(Dataset excerpts)
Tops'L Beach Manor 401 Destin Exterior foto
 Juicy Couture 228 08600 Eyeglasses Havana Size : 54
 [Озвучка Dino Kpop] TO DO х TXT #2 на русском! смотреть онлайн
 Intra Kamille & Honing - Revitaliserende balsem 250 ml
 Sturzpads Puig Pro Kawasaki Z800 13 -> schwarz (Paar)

**Task**
Copy out the data exactly as it stands, leaving nothing out.

**Task result**
Tops'L Beach Manor 401 Destin Exterior foto
 Juicy Couture 228 08600 Eyeglasses Havana Size : 54
 [Озвучка Dino Kpop] TO DO х TXT #2 на русском! смотреть онлайн
 Intra Kamille & Honing - Revitaliserende balsem 250 ml
 Sturzpads Puig Pro Kawasaki Z800 13 -> schwarz (Paar)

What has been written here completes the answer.